This crate provides auto-generated unsafe Rust bindings, through bindgen, to C functions provided by uplink-c, the C interface for the Storj uplink API library.
- Install Go
- Install Rust
- Install GCC and make
sudo apt install build-essential - Install libclang (required by bindgen for generating platform specific c bindings)
sudo apt install libclang-dev - Checkout this repo
- Build crate
make build(fromuplink-sysdirectory)
- Install Go
- Install libclang (required by bindgen for generating platform specific c bindings)
- Add uplink-sys to Cargo.toml
NOTE the project has been tested on the following operating systems:
* ubuntu
* Version: 20.04.2 LTS
* Processor: Intel® Core™ i7-10510U CPU @ 1.80GHz × 8
* macOS
* Version: 10.15.7
* Processor: 2.6 GHz 6-Core Intel Corei7
To allow the integrations tests access to the test project, create a file in this directory with the satellite address and api key for running tests.

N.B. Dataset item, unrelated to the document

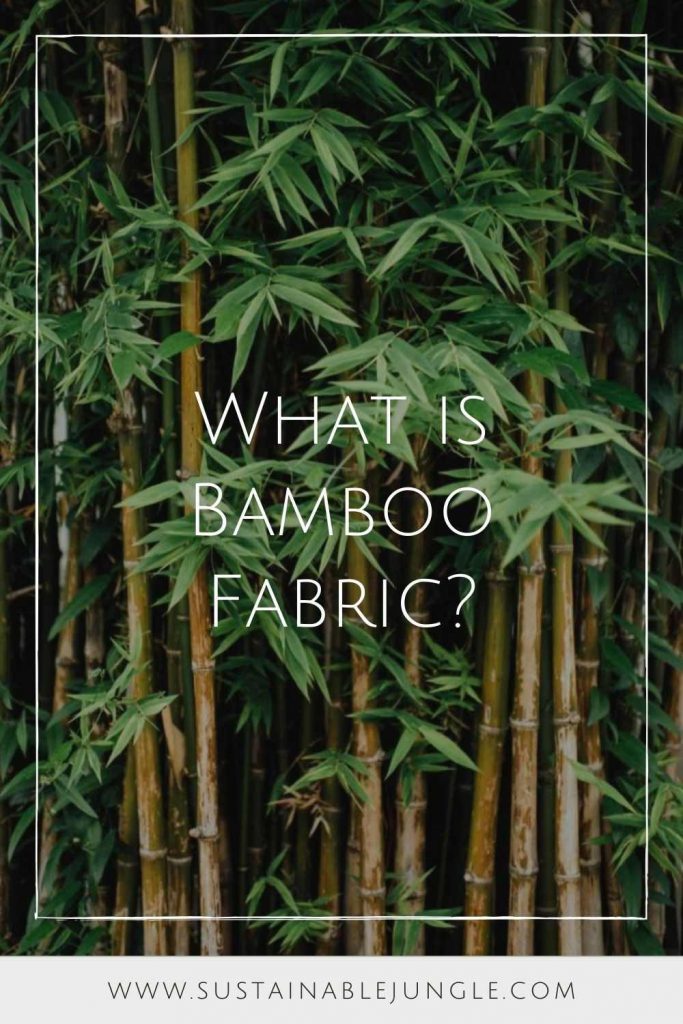 竹制织物:一种适合熊猫食用、对地球友好的材料，还是一种容易被滥用和绿色清洗的流行面料?# bamboofabric # sustainablejungle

Do not commit this file to the repo.
test_secrets.txt:
<satellite_addresss>
<api_key>
make test
See the examples directory to see how use the uplink-sys crate.
Below is an example showing how to list buckets using the crate's unsafe C bindings.
// Access parameters
let satellite_address = CString::new("SATELLITE ADDRESS HERE").expect("CString::new failed");
let api_key = CString::new("API KEY HERE").expect("CString::new failed");
let passphrase = CString::new("PASSPHRASE HERE").expect("CString::new failed");
unsafe {
// Request access
let access_result = uplink_sys::uplink_request_access_with_passphrase(
satellite_address.as_ptr() as *mut uplink_sys::uplink_const_char,
api_key.as_ptr() as *mut uplink_sys::uplink_const_char,
passphrase.as_ptr() as *mut uplink_sys::uplink_const_char,
);
if access_result.error != std::ptr::null_mut() {
println!("Error requesting access: {:?}", *(access_result.error));
}
// Access project
let project_result = uplink_sys::uplink_open_project(access_result.access);
if project_result.error != std::ptr::null_mut() {
println!("Error accessing project: {:?}", *(project_result.error));
}
// Create empty string for bucket option struct
let bucket_options_str = CString::new("").expect("CString::new failed");
let mut bucket_options = uplink_sys::UplinkListBucketsOptions {
cursor: bucket_options_str.as_ptr(),
};
// Request bucket iterator
let p_bucket_iterator =
uplink_sys::uplink_list_buckets(project_result.project, &mut bucket_options);
// Check for valid bucket iterator
let p_bucket_iterator_err = uplink_sys::uplink_bucket_iterator_err(p_bucket_iterator);
if p_bucket_iterator_err == std::ptr::null_mut() {
println!("Valid bucket iterator.");
} else {
println!(
"Invalid bucket iterator. Error: {:?}.",
*p_bucket_iterator_err
);
}
// Iterate through all buckets
let mut bucket_count = 0;
while uplink_sys::uplink_bucket_iterator_next(p_bucket_iterator) {
bucket_count += 1;
let p_bucket_result = uplink_sys::uplink_bucket_iterator_item(p_bucket_iterator);
let bucket_name = CStr::from_ptr((*p_bucket_result).name)
.to_str()
.expect("Invalid bucket name C string.");
let created = datetime_string_from_unix_time((*p_bucket_result).created);
println!(
"Bucket {} => name: {}, created: {}",
bucket_count, bucket_name, created
);
// Free memory
uplink_sys::uplink_free_bucket(p_bucket_result);
}
// Free memory
uplink_sys::uplink_free_access_result(access_result);
uplink_sys::uplink_free_project_result(project_result);
uplink_sys::uplink_free_bucket_iterator(p_bucket_iterator);
uplink_sys::uplink_free_error(p_bucket_iterator_err);
}